In March, EPA Administrator Lee Zeldin said he will look to significantly reduce a significant portion of the waterways, such as wetlands, rivers, and streams, that are protected under the Clean Water Act, a 1972 law that regulates the discharge of pollutants in water. A memo from the EPA emphasized that it would be minimizing the water covered by the Clean Water Act and enforcing their interpretation of a 2023 Supreme Court ruling, Sackett v. Environmental Protection Agency. The Sackett decision found that millions of acres of wetlands — more than half — are not protected by the law, meaning that a permit is no longer needed to dump pollutants or destroy wetlands by filling them.
“This is to simply follow the rule of law,” Zeldin said. “We’re not looking for this to be a pingpong anymore. What we’re looking for is to simply follow the guidance of Sackett.”

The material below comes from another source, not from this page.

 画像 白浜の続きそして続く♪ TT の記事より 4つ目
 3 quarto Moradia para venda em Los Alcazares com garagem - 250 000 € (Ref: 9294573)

“There’s a pretty basic attack against the Clean Water Act by industry and the Trump administration, and it’s been going on for years,” Drew Caputo, vice president of litigation for lands, wildlife, and oceans at the nonprofit Earthjustice, tells Rolling Stone. “It was a feature of the first Trump administration, and they made really clear already that they’re going to try and attack clean water protections in an aggressive way.”
The definition of waters covered by the Clean Water Act has grown and shrunk for years. In 2015, President Barack Obama issued a regulation that clarified two previous Supreme Court rulings, establishing that the EPA has authority over smaller bodies of water like streams and wetlands. Then, in 2019, Trump repealed the measure. In 2022, President Joe Biden’s EPA reversed Trump’s move, going back to the rules that preceded Obama. In 2023, the Supreme Court issued the Sackett ruling that led Biden to weaken protections for wetlands. And in March, the Supreme Court ruled on a case about San Francisco dumping sewage into the Pacific Ocean that further weakened the Clean Water Act.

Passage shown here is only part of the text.